Lo que empieza con el secuestro de un perro para pedir un rescate se complica demasiado… el dueño del perro es un mafioso que está metido en asuntos de corrupción inmobiliaria, el político con el que colaboraba está siendo investigado y un gran número de gente va detrás del dinero que debe tener oculto en alguna parte.
Conocí al autor en una fiesta de la editorial Alrevés. Tanto él como muchos de los escritores con los que hablé allí son lo más alejado del escritor con un ego por las nubes. Afirmó que su libro era sólo entretenimiento, sin darse importancia.
Lo cierto es que lo es: es un libro muy entretenido, que va de frente y en mi opinión, muy de agradecer. Lo he dicho muchas veces y lo repito: mejor algo sin pretensiones que consigue su objetivo que libros pretendidamente profundos pero realmente vacuos. Yo he disfrutado mucho de la lectura y he pasado un buen rato, que es mucho más de lo que conseguí con el libro que me leí después y que tiene más fama.
Muy disfrutable.
Ella se agachó para abrir el candado que cerraba la persiana metálica y los pantalones se le escurrieron por las piernas, dejando delante de los ojos de Manolo Ruiz unas nalgas indecentemente gordas, blancas, con granos y que un minitanga de los que llaman de hilo dental, que hacía mucho tiempo que había dejado de ser blanco para convertirse en un extraño color grisáceo, no tapaban. El Gitano se puso colorado e intentó apartar la vista sin conseguirlo. Abigail Fernández, sin inmutarse, se levantó y arrastró, con ambas manos, el pantalón hasta su posición original.

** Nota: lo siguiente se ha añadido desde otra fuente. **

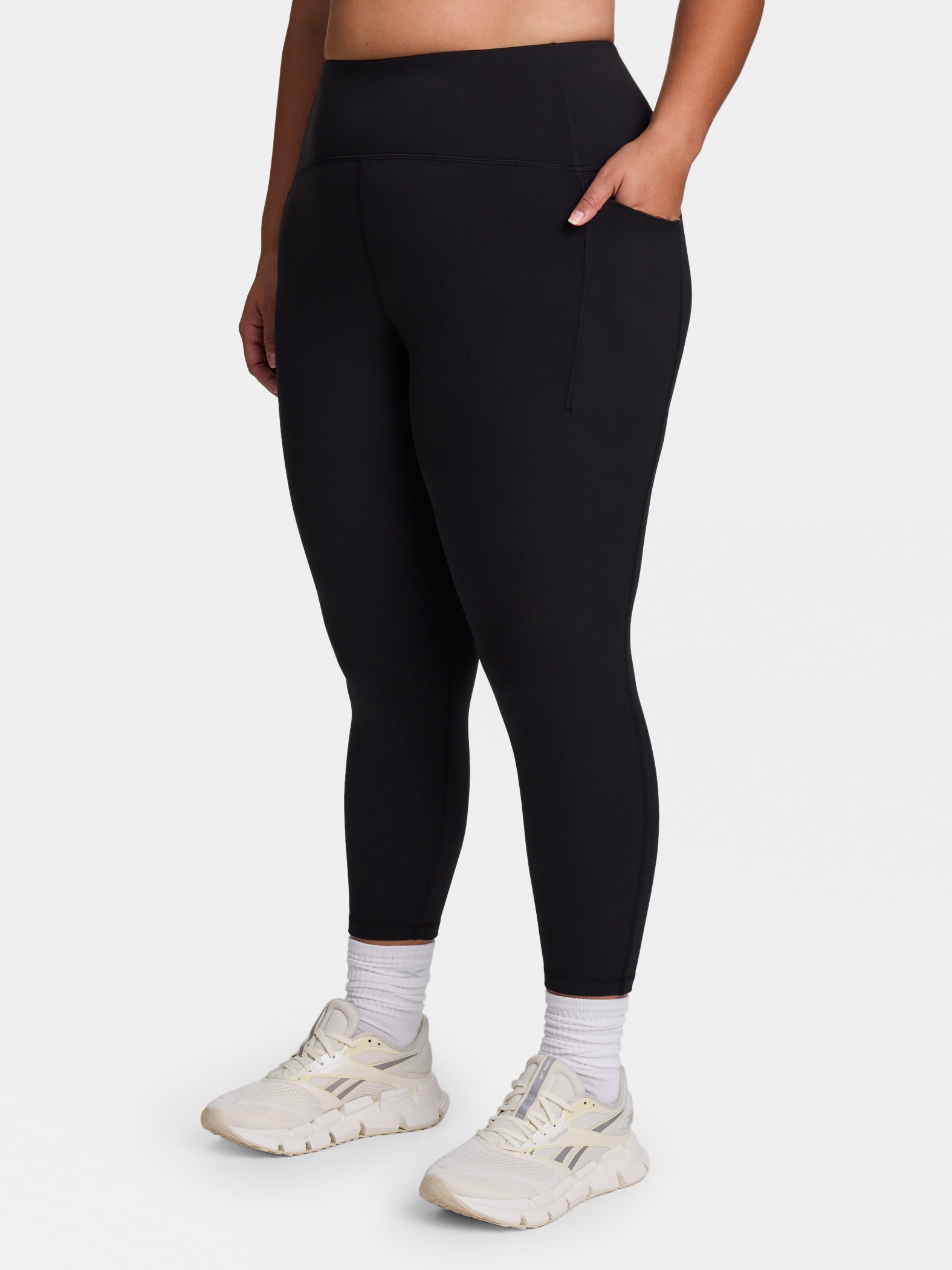 Reebok Women's Reflex High Rise 7/8 Legging, 25" Inseam, Sizes XS-4X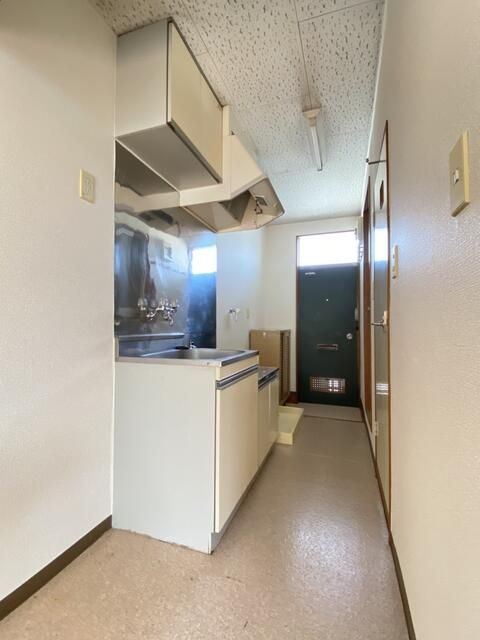 八王子市片倉町のアパートのキッチン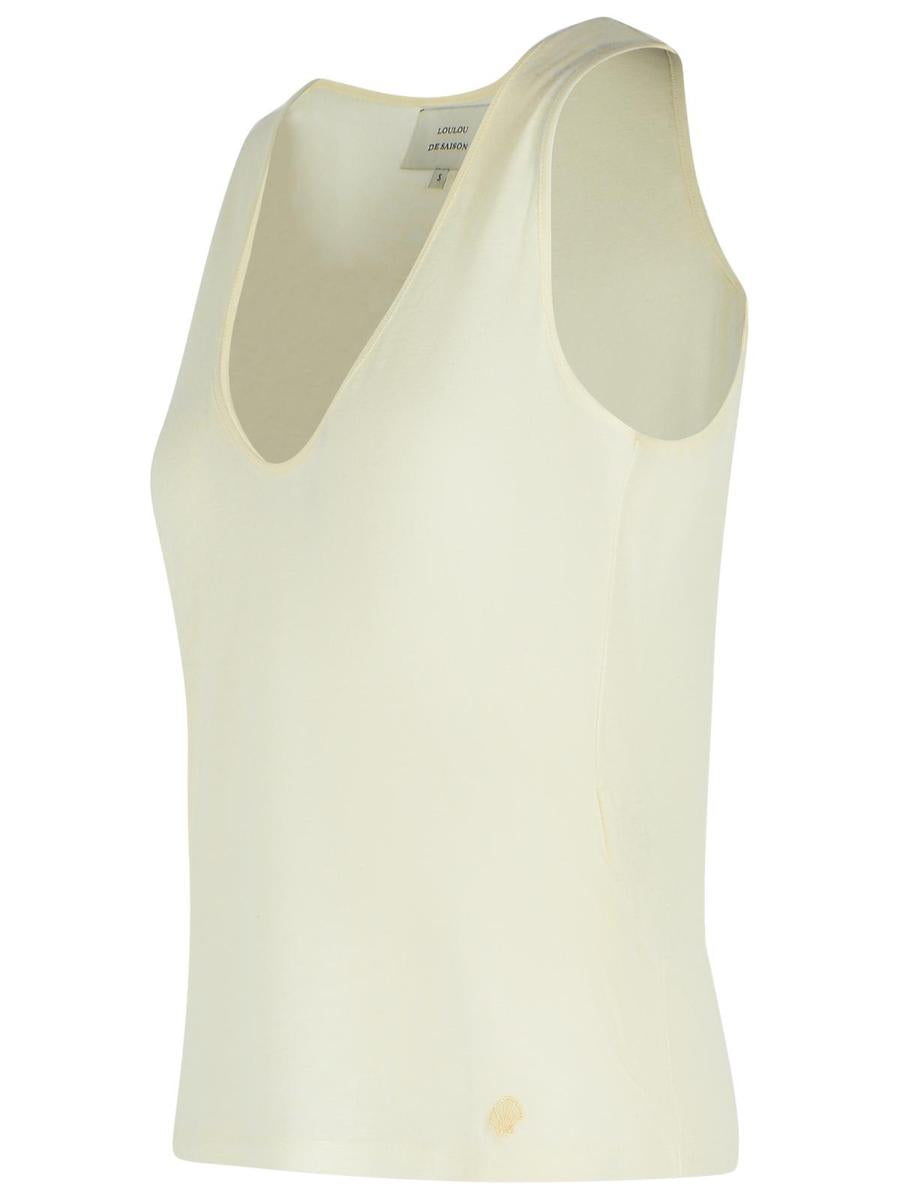 Loulou Studio Ivory Wool Blend Tank Top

Abigail era de estatura pequeña y de constitución rolliza, el pelo lo llevaba corto y su cara era redonda de labios delgados y ojos pequeños de color marrón, muy oscuros, casi negros. Para Manolo Ruiz era la octava maravilla. Y aquel primer día sudó lo indecible para no rendirse al deseo de abrazarla.
Durante los días que siguieron, el Gitano gastó varias tarjetas de prepago de su teléfono móvil en convencerla para que saliera con él un sábado, a lo que, finalmente, Abigail accedió. En realidad, lo había querido hacer desde el primer día, pero pensó que hacerse de rogar era la premisa indispensable para cualquier relación.

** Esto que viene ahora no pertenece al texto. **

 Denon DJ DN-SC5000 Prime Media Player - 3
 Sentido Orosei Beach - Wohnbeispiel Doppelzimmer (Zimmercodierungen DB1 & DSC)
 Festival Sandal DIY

Manolo Ruiz la llevó a una discoteca de Cerdanyola del Valles que olía a porros de «chocolate» mangui y, a última hora, ya de la madrugada, ponían discos de rumba flamenca de los mejores: Los Chunguitos,
Rumba Tres, Los Chavis… aunque, últimamente, solían poner las canciones de los Estopa, unos vendidos que habían perdido la pureza del rumbero. A Manolo Ruiz, el Gitano no le gustaban nada los dos hermanos que componían el grupo Estopa porque los consideraba unos traidores a la rumba auténtica. La conversación de Abigail Fernández era más bien escasa y la mitad de las veces se limitaba a mirar, con ojos maliciosos e incrédulos, la cara de Manolo Ruiz cuando este decía alguna tontería. Cuando se fueron de la disco, cerca de las seis de la mañana, el Gitano, sentado en el asiento de su coche, le metió la lengua en la boca y la mano en la entrepierna. Ella se dejó hacer, incluso facilitó la maniobra de Manolo elevando la pelvis y abriendo las piernas para que este le acariciara el sexo. El Gitano, minutos después, no daba crédito a lo que le estaba pasando y se sentía el tío más afortunado del mundo, viendo cómo le abrían la cremallera del tejano y la boca de Abigail se ajustaba a su falo, mientras la claridad del día que despuntaba los dejaba como espectáculo para todos los que salían de la discoteca. Abigail, cuando se cansó de esa postura, se levantó la falda, se apartó ligeramente la braga y lo atornilló sentándose de rodillas encima de él apoyando ambas manos en el techo del coche, clavándose el volante en la espalda y desplazando, peligrosamente, con su pierna izquierda la palanca del cambio al límite de su recorrido.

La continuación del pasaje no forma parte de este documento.